Martin Heidegger – La fin de la philosophie et la tâche de la pensée
Une telle pensée demeure nécessairement bien en deçà de la grandeur des philosophes. Elle est bien moindre que la philosophie. Moindre aussi parce qu’à cette pensée, encore plus résolument que jusqu’ici à la philosophie, aussi bien l’action immédiate, que l’action médiate sur le domaine public qui porte l’empreinte de la science technicisée de notre époque industrielle, ne peut qu’être refusée.Mais avant tout cette pensée, fut elle seulement possible, demeure bien peu, car sa tâche n’a que le caractère d’une préparation et nullement d’une fondation. Il lui suffit de provoquer l’éveil d’une disponibilité de l’homme pour un possible dont le contour demeure obscur et l’avènement incertain. Ce qui demeure pour la pensée gardée en réserve, savoir s’y engager, voilà ce que la pensée doit d’abord apprendre. En tel apprentissage elle prépare sa propre transformation.

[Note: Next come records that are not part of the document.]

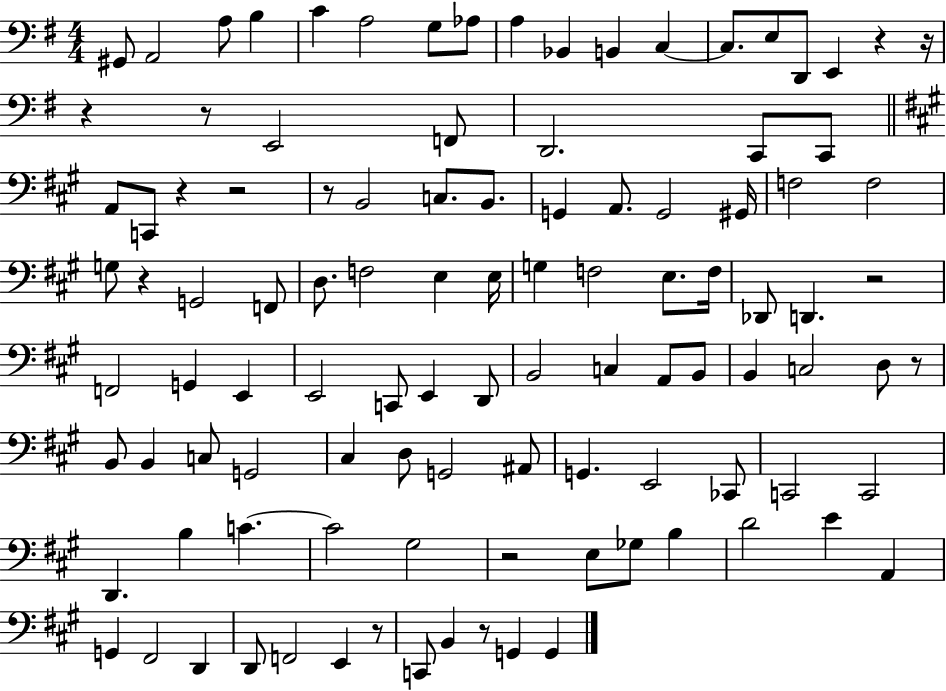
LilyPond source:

{
  \clef bass
  \numericTimeSignature
  \time 4/4
  \key g \major
  gis,8 a,2 a8 b4 | c'4 a2 g8 aes8 | a4 bes,4 b,4 c4~~ | c8. e8 d,8 e,4 r4 r16 | \break r4 r8 e,2 f,8 | d,2. c,8 c,8 | \bar "||" \break \key a \major a,8 c,8 r4 r2 | r8 b,2 c8. b,8. | g,4 a,8. g,2 gis,16 | f2 f2 | \break g8 r4 g,2 f,8 | d8. f2 e4 e16 | g4 f2 e8. f16 | des,8 d,4. r2 | \break f,2 g,4 e,4 | e,2 c,8 e,4 d,8 | b,2 c4 a,8 b,8 | b,4 c2 d8 r8 | \break b,8 b,4 c8 g,2 | cis4 d8 g,2 ais,8 | g,4. e,2 ces,8 | c,2 c,2 | \break d,4. b4 c'4.~~ | c'2 gis2 | r2 e8 ges8 b4 | d'2 e'4 a,4 | \break g,4 fis,2 d,4 | d,8 f,2 e,4 r8 | c,8 b,4 r8 g,4 g,4 | \bar "|."
}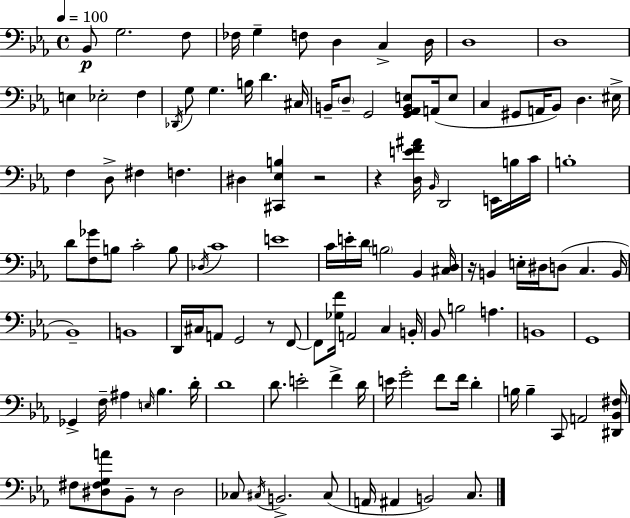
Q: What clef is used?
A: bass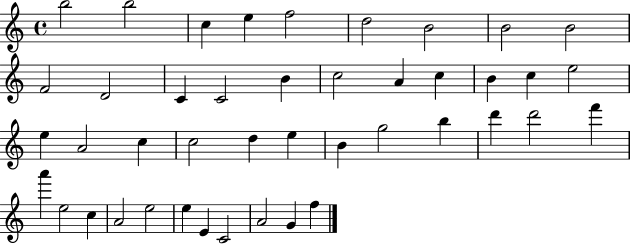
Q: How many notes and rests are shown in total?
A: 43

Il est ici pensé à la possibilité que la civilisation mondiale telle qu’elle ne fait maintenant que commencer, surmonte un jour la configuration dont elle porte la marque technique, scientifique et industrielle comme l’unique mesure d’un séjour de l’homme dans le monde. Qu’elle la surmonte non pas bien sur à partir d’elle même et par ses propre forces, mais à partir de la disponibilité des hommes pour une destination pour laquelle en tout temps un appel, qu’il soit ou non entendu, ne cesse de venir jusqu’à nous hommes, au cœur d’un partage non encore arrêté.
Non moins incertain demeure ceci : la civilisation mondiale sera t’elle d’ici peu soudainement détruite ou bien va t’elle se consolider pour une longue durée sans aucun repos dans ce qui demeure, mais bien plutôt vouée à s’organiser en un changement continuel ou le nouveau fait place à toujours plus nouveau.
La pensée qui n’est que préparation ne veut, ni ne peut prédire aucun avenir. Elle tente seulement, face au présent, de faire entendre en un prélude quelque chose qui du fond des ages, juste au début de la philosophie a déjà été dit pour celle ci sans qu’elle l’ait proprement pensé.